Matyan does not use a local repo directory or embedded databases (e.g. RocksDB/SQLite). All data is stored server-side.

Storage layout

  • FoundationDB — Primary store for run metadata, params, sequence metadata, and time-series points (metrics, etc.). Keys are structured with tuples and subspaces (see Architecture). Indexes (Tier 1: experiment, tag, archived, created_at, etc.; Tier 2: scalar hyperparameters) are also in FDB and updated on write.
  • S3 (or S3-compatible) — Large blobs: images, audio, artifacts. Clients upload via presigned URLs from the frontier; workers record blob references in FDB.

There is no “repo directory” on the client. The client sends data to the frontier (WebSocket + presigned S3) and talks to the backend (REST) for metadata and queries.

How data is written and read

Writes go from client → frontier (WebSocket or presigned S3) → Kafka → ingestion workers → FDB (and S3 for blobs). Control operations (e.g. delete run) go through the backend to FDB and emit Kafka events for control workers (e.g. S3 cleanup). Reads go from UI or client → backend REST API → FDB (and S3 for blobs). See Architecture for the full data flow and component roles.

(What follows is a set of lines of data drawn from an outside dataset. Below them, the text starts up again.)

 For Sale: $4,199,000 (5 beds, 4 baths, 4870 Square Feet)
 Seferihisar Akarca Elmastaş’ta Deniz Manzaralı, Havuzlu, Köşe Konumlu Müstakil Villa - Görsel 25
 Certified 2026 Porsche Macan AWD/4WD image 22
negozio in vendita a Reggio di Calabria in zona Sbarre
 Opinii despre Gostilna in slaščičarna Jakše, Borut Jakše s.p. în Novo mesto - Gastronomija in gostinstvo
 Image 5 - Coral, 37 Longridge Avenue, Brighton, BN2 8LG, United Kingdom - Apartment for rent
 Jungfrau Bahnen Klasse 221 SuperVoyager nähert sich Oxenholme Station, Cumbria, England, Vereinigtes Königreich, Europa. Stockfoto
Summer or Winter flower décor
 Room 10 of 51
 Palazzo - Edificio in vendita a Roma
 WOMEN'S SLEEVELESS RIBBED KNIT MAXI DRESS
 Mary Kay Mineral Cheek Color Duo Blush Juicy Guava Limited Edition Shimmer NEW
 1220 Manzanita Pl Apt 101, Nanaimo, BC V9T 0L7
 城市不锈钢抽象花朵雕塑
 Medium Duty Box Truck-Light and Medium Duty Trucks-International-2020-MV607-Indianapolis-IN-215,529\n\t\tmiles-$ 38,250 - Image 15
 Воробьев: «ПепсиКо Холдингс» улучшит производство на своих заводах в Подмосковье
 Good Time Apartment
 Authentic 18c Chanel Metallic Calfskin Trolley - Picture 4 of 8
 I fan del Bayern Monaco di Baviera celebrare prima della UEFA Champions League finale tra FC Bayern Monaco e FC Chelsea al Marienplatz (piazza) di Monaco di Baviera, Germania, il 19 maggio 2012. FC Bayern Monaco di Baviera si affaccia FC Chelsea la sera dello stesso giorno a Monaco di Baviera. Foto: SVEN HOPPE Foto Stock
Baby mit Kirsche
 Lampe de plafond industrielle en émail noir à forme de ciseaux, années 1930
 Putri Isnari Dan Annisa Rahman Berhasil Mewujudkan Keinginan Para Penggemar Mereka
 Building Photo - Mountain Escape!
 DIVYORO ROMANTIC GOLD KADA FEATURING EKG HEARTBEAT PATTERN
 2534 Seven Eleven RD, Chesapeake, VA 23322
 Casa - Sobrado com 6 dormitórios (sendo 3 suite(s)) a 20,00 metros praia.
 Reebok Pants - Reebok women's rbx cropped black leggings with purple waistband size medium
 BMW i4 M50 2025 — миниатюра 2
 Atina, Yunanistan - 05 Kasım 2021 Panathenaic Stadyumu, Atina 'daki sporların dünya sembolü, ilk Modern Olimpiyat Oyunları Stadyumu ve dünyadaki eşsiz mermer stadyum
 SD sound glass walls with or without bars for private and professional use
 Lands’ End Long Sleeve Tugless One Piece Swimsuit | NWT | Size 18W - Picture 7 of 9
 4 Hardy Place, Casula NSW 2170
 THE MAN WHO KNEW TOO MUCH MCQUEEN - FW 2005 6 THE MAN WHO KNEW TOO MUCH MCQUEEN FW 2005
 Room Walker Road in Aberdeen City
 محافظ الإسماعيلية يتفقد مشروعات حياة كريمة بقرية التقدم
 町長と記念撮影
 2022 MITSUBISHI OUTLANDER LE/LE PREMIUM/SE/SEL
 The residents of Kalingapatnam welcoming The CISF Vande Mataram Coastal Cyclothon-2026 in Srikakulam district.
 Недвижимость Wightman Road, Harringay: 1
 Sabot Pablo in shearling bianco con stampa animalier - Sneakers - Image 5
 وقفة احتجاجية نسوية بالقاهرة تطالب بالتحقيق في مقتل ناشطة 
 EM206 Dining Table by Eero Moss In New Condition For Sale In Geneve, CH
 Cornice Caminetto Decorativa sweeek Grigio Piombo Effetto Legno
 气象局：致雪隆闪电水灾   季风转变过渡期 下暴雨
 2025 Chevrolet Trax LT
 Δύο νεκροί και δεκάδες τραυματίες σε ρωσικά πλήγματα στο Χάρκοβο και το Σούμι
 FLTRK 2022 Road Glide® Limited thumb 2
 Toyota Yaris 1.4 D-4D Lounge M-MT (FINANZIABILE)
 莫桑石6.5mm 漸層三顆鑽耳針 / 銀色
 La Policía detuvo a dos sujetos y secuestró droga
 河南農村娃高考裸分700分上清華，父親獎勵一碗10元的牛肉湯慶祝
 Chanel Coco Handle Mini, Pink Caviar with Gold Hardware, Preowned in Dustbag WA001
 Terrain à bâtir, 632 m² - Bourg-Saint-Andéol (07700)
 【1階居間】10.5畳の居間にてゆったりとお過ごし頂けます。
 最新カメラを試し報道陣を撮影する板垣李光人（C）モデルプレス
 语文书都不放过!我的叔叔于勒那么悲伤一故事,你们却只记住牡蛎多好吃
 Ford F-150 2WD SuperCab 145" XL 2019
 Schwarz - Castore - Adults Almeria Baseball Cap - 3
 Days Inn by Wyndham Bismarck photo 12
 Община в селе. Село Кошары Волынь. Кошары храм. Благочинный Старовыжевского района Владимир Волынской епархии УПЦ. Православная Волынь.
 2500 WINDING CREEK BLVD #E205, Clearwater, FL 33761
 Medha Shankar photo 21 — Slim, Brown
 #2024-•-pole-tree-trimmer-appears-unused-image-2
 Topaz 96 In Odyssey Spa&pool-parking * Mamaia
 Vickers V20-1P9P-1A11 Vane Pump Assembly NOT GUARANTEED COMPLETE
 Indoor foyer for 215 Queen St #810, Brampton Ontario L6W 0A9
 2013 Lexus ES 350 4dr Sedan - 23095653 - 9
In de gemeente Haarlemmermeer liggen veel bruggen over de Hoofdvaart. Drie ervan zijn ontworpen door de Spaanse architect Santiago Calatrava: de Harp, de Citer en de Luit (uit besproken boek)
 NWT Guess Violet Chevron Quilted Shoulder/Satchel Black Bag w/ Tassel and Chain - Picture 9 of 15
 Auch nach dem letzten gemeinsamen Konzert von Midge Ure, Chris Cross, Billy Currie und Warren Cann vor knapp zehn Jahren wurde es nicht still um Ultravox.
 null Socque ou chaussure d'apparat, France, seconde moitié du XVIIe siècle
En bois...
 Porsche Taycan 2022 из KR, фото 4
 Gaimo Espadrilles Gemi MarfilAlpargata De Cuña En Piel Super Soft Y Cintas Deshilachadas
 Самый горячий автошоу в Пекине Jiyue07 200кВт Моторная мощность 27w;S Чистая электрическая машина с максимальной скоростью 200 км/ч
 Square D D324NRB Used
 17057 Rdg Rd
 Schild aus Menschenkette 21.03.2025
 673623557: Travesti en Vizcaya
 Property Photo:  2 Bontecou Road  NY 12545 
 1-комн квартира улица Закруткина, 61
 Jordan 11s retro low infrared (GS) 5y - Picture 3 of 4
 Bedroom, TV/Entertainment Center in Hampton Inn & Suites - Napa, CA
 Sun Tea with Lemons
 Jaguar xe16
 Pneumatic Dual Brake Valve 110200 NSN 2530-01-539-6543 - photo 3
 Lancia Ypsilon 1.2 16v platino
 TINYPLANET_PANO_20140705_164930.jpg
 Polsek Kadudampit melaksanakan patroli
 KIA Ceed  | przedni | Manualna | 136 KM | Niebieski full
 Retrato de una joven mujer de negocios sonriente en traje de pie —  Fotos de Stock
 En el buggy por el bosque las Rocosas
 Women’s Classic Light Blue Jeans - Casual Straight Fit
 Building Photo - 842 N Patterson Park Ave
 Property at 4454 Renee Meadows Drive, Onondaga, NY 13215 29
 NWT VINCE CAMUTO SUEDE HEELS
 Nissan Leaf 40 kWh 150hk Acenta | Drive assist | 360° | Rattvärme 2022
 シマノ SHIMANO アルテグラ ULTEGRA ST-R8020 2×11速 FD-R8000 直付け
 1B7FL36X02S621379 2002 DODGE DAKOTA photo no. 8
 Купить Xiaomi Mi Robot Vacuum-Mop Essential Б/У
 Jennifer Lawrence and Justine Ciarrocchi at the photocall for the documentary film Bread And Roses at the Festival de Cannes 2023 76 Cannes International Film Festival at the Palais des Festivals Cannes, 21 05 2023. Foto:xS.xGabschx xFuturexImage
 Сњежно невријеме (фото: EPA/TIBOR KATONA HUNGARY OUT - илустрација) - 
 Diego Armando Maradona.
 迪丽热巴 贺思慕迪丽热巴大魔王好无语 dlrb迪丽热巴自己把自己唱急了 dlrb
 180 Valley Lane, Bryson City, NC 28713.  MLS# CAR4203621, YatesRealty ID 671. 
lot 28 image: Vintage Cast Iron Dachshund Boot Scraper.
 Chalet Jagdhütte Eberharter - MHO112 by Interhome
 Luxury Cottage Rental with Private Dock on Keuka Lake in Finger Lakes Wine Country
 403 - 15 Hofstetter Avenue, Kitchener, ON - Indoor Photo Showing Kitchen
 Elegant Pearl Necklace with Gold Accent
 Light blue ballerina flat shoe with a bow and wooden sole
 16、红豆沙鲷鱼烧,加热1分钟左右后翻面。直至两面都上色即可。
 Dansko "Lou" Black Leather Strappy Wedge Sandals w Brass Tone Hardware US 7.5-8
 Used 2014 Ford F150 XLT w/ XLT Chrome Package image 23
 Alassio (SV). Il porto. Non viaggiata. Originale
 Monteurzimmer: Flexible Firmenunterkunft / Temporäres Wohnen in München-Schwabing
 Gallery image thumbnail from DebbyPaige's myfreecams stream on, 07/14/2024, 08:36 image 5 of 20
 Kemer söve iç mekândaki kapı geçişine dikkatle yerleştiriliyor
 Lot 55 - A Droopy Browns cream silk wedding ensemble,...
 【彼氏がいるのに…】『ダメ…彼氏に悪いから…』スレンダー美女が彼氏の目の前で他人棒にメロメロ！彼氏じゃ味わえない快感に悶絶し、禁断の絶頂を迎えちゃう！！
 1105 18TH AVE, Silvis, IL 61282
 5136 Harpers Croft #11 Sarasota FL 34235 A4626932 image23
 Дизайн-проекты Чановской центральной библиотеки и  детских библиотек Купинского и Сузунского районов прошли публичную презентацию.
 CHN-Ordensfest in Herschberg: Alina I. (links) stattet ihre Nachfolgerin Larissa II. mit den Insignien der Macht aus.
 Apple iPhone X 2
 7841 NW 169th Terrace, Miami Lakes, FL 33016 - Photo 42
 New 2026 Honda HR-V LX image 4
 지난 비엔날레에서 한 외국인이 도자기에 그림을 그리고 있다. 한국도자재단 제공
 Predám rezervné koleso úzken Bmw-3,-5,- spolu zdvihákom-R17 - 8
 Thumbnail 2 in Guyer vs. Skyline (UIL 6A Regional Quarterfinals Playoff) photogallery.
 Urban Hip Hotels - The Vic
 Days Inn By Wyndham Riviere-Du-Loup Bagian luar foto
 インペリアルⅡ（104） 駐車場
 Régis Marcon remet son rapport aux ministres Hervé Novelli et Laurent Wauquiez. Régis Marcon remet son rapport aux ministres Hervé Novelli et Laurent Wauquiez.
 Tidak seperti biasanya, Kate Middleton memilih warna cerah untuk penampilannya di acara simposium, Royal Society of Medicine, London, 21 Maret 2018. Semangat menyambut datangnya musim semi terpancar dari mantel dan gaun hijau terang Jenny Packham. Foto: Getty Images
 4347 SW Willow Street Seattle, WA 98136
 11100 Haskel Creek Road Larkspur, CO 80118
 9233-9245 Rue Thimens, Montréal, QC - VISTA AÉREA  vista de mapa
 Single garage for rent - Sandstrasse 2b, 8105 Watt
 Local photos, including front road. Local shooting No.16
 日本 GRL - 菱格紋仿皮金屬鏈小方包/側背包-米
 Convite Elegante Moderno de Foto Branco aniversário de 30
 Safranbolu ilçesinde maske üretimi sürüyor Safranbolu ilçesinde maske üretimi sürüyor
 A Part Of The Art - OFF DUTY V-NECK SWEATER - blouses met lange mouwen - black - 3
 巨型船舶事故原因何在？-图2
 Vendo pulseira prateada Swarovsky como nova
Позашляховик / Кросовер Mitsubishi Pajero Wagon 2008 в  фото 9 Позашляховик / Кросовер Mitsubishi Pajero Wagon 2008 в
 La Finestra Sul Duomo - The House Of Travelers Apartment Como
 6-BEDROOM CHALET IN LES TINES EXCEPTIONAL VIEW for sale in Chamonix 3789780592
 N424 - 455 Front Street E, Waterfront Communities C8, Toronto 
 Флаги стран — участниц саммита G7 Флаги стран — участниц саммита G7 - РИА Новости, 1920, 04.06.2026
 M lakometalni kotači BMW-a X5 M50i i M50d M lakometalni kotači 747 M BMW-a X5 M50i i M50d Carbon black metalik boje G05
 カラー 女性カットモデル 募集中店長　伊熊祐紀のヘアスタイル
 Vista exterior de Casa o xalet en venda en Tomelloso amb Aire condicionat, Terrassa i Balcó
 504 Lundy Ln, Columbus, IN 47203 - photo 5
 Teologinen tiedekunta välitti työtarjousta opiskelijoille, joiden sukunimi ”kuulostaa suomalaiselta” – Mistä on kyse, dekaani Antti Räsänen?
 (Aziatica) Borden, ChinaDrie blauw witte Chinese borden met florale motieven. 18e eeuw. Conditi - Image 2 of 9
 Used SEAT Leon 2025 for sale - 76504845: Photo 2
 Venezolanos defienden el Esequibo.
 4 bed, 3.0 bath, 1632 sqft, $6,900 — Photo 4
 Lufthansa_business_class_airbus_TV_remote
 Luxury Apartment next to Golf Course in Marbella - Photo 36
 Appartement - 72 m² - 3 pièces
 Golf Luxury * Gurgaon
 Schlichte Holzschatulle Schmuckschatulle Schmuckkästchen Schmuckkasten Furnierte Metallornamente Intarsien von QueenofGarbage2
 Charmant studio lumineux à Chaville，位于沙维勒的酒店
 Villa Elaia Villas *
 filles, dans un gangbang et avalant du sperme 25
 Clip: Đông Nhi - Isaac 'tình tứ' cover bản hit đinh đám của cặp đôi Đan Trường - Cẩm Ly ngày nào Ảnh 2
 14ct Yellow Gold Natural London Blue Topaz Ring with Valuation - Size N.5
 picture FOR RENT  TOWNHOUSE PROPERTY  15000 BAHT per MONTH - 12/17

When a run is deleted, a tombstone is written in FDB so that late-arriving ingestion messages do not recreate the run, and periodic jobs can clean up orphan S3 objects. See Tombstones for the full lifecycle.

Indexes and queries

MatyanQL run queries are executed by the backend. Predicates on experiment, tag, archived, active, created_at, and scalar hyperparameters can use FDB indexes (Tier 1 and Tier 2) for faster search; the rest is filtered in memory. See Search and MatyanQL.